Dipping my lips in the sweet burn of bourbon, the moon and the mercury work their gravity sweeping my boy toward an epileptic fit. Outside, the storm rolls in, the mercury falls, its heavy chrome-like beads running into one thin strip. Finally, the sky swells and the rain thrums unrelenting, soaking withered leaves, quenching parched ground and bark. It reminds me of how, on the night of the blood red moon, I cried for the first time in weeks.

Photo by Michael Kolster


about time

We've been talking about it for years. This was going to be a first. All this time we've been reluctant—afraid we might disrupt the other diners. Nervous there might be spilled drinks. Doubtful we'd be able to stay seated long enough to finish our meals, and so we've never taken Calvin, who is eleven, out to dinner at a restaurant. Not once. We figured it was about time.

Yesterday, our boy was in relatively good spirits at the cafe and, later, enjoyed a decent stint at the agricultural fair where he walked without balking, sat without shrieking and even pet a few of the beasts. I'd brought enough of his pre-diced food plus his late afternoon cannabis oil dose so we didn't have to go straight home after the fair. In all of those things we saw opportunity, so we nabbed it.

For the most part, Sundays at four o'clock are quiet at our local watering hole. Instead of bellying up to the bar, though, we camped at a four-top near the windows overlooking the river. By all accounts it appeared that Calvin, who is now big and stable enough to sit relatively safely in his own chair, was having a good time. You can see for yourself, here—a little crazy, but not too out of the ordinary considering the antiepileptic drugs he's on, not to mention the active benzodiazepine withdrawal.

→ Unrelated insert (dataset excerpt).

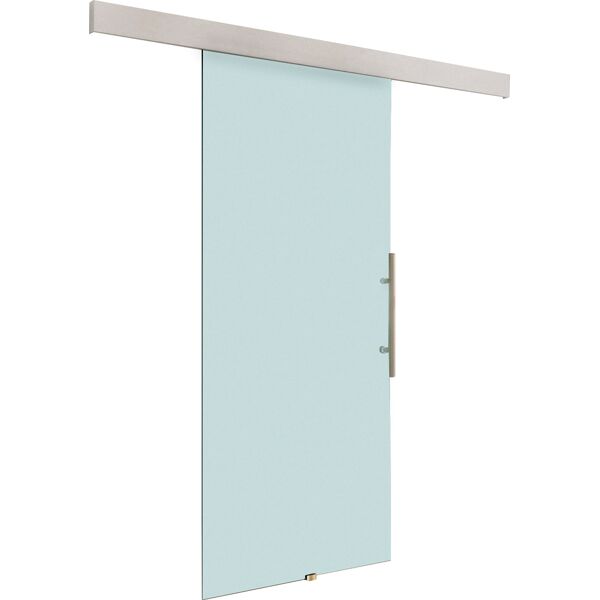 dechome e70001 porta scorrevole in vetro temperato satinato con binario 90x205 cm - e70001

After we ordered and were served, then had a chance to put a good dent into a tasty heap of greasy fries, Calvin decided he was finished, so he pushed back his chair almost tipping the table over. I got up and led him around by the hand, carefully guiding him between obstacles. Eventually, he settled into a nice bright spot next to our table where the painted brick was rough and cool on his tongue and fun to pat. I stood with one eyeball on my precarious kid, the other on the disappearing mound of crispy goodness. From there, I simultaneously ate the fries, stole sips from Michael's beer and watched Calvin, and without causing some sort of ruckus—something we've been dreaming about for years.